No
instante, sou morto-vivo, mas, por milagre, lembro a loucura da vida.
Nasci,
os pais eram deuses e existiam princípios. Era um crente. Mal acorda(n)do
da liberdade, vi-me divisado entre "bem" e "mal". Mantinha-me livre de
preocupações.
Veio o
medo, a luta, a consciência, ganhei apego ao pensamento e à repetição. Na
repetição encontrava a liberdade, o ciclo vicioso esgotava com perfeição o
esforço da clareza.
Era
obsessivo-compulsivo, já o sabia quando saí do armário, a culpa não cessa
quando se nomeia o problema, assim, mantive sempre as vestes,
desarrumadas, enquanto pulava de prateleira em prateleira.
Os
primeiros pulos eram no concreto, no autismo, fui materialista mas já
querendo afiançar outra coisa qualquer. "Arperger", houve quem dissesse, a
verdade prévia perdeu terreno para a descoberta.
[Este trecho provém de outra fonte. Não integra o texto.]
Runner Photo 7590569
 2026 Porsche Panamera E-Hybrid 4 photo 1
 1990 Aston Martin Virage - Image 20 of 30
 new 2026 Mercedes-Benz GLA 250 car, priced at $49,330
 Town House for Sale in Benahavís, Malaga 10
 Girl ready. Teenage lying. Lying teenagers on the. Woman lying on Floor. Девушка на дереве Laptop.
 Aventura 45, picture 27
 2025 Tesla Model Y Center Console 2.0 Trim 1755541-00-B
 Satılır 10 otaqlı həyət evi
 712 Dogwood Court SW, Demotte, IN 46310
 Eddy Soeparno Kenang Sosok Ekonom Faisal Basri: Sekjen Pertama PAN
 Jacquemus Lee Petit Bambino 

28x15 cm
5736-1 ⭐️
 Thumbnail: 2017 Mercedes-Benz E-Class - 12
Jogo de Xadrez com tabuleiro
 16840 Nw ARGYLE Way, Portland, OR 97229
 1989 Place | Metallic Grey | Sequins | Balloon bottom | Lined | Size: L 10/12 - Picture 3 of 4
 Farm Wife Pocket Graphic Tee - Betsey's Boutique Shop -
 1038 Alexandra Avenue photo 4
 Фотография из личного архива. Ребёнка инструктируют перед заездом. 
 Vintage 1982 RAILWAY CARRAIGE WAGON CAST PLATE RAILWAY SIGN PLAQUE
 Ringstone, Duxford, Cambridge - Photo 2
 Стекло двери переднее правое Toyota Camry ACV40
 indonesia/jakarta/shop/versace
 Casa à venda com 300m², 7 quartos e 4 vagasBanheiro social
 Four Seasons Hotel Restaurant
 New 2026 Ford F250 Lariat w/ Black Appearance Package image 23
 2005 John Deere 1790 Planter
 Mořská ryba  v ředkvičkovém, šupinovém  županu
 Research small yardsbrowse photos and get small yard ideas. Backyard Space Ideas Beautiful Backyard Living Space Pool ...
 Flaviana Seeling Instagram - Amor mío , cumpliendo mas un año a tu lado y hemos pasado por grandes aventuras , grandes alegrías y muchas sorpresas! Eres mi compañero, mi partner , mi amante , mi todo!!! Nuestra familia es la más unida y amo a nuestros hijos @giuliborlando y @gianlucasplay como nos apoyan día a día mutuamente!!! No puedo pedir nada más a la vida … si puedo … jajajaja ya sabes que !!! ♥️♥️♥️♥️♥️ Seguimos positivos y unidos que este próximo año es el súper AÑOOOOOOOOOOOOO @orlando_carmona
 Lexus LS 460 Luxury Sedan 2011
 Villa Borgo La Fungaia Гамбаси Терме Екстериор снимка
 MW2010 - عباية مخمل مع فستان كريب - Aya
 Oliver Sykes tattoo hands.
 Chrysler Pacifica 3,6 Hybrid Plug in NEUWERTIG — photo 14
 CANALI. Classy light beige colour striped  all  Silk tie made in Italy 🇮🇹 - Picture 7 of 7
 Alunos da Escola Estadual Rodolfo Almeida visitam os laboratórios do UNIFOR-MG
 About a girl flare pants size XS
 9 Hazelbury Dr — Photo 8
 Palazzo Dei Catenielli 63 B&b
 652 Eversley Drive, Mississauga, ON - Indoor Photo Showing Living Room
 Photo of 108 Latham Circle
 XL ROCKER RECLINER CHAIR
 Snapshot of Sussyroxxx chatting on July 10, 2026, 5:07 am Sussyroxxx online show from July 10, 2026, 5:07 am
A verdade chegou a ser
clara, quando o juízo era ou parecia perfeito.
O
"abstracto" viria mais tarde com muito mor força. Os pensamentos viriam
chocar, chocalhar, a verdade. Da descoberta passaria à construção. Deixei
de ser "prático", preferi ser o "da triste figura", substituindo o "ego"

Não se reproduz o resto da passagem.